If cutting payroll spending [which would be the presumed motivation during a credit crunch] had been the primary motivation of employers, then they should have cut deepest among their most expensive employees. Firing one person making, say, $2,000 a week saves more than firing three people making $600 a week.
It is true that part-time employment, which is typically low-paying, increased significantly during the recession. However, last week I showed Census data suggesting that employment of people making more than $2,000 a week may have been greater in the 12 months after Lehman Brothers failed than it was before, even while employment of people making less than $2,000 a week fell several million.
Hiring more high-paid people is not a way to reduce payroll spending. Moreover, payroll spending now exceeds what it was when the recession began, yet employment remains millions lower. Apparently, payroll spending is not enough to bring those jobs back.

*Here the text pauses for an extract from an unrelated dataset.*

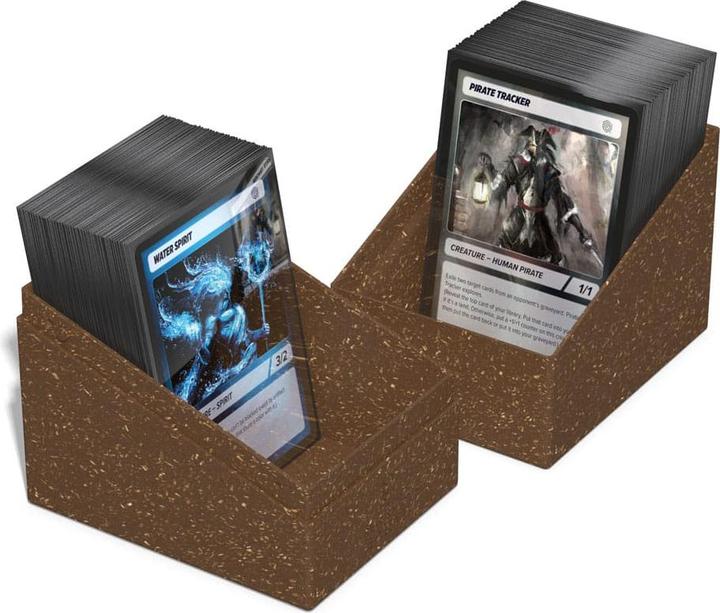 Actual product image Ultimate Guard Return To Earth Boulder Deck Case 133 taille standard Marron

Another theory of the recession is that it was caused by a lack of demand — fewer employees were needed because employers were selling less to their customers. The low-demand theory is a good description of a couple of industries, like manufacturing and home construction, but if it described the economy as a whole we would have seen all types of employment cut, not just employment of people making less than $2,000 a week.
What seems to have occurred is a cut in personnel rather than payroll.

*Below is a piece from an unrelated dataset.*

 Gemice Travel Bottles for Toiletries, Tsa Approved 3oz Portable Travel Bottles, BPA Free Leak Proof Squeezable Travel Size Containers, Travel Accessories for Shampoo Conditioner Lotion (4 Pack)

Another set of theories say that high-paid employees are replacing low- and middle-income employees. This replacement might come from employers’ attempts to cut personnel during the recession, rather than payroll spending. For example, employers might have worried about health insurance and other employment regulation whose costs are proportional to the number of employees they have. In this view, the bank bailout did little to prevent layoffs.
There may be an Austrian interpretation of this as well. The summary picture seems to be one where (1) relatively high-pay employees were substituted for low-pay employees while (2) within low-pay employment, there was a shift from full-time to part-time jobs. If the Great Recession was an Austrian business cycle theory (ABCT) type of bust, it should have been a period of reallocation following malinvestment. Labor would have been mismatched across heterogeneous capital types. During the reallocation one would have expected a bias towards more substitutable (i.e., mobile across job types). If higher levels of human capital (which typically correspond to higher pay) are more substitutable (or, using other economics terminology, if high-level human capital tends to have relatively low asset-specificity) then it would not be surprising to see a shift, for a given payroll, towards higher paying jobs. Also, low-paid workers may be more substitutable in the form of part-time jobs than full-time jobs.

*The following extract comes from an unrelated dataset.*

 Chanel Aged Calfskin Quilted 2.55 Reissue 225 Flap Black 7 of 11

Furthermore, given the uncertainty associated with a macroeconomic reallocation, full-time jobs may be viewed as having more "putty-clay" characteristics. Benefits packages and longer-term employment contracts may be avoided during a time when the profitable directions of reallocation have yet to be discerned.
Counter-examples abound to some of my ramblings above. For example, a software programmer's human capital may well have higher asset-specificity than many manual laborers. On the other hand, I tend to think of white-collar workers generally as more easily changing industries at comparable pay than blue-collar workers are. Ultimately these are empirical questions.